What is granite-guardian-3.2-5b?

Granite Guardian 3.2 5B is a specialized AI safety model developed by IBM Research, designed to detect various risks in AI interactions. It's a streamlined version of the larger 8B parameter model, optimized through iterative pruning while maintaining high performance. The model serves as a guardian system for detecting harmful content, biases, jailbreaking attempts, and hallucinations in AI responses.

Implementation Details

The model employs a unique architecture that has been thinned down to 5B parameters (30% reduction from original) while maintaining competitive performance. It uses a yes/no scoring system for risk assessment and supports multiple risk detection scenarios through a flexible prompt template system.

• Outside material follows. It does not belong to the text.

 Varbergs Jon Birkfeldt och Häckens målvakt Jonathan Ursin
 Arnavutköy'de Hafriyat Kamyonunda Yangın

Optimized for both prompt and response risk detection
Supports RAG (Retrieval-Augmented Generation) risk assessment
Specialized function calling hallucination detection
High performance on standard benchmarks (F1 score of 0.784 on aggregate harm detection)

Core Capabilities

Harm Detection: Identifies general harmful content, social bias, profanity, violence, and sexual content
Jailbreak Detection: Recognizes attempts to manipulate AI systems
RAG Assessment: Evaluates context relevance, groundedness, and answer relevance
Function Calling Validation: Detects syntactic and semantic hallucinations in API calls
Multi-turn Conversation Analysis: Evaluates harm engagement and evasiveness

Frequently Asked Questions

Q: What makes this model unique?

The model's ability to detect a wide range of risks while maintaining high efficiency through parameter reduction makes it stand out. It achieves state-of-the-art performance on multiple benchmarks while requiring fewer computational resources than its predecessor.

Q: What are the recommended use cases?

The model is ideal for enterprise applications requiring risk assessment in AI interactions, including content moderation, RAG system validation, and function calling verification. It's particularly suited for scenarios requiring moderate cost and latency requirements like model risk assessment and monitoring.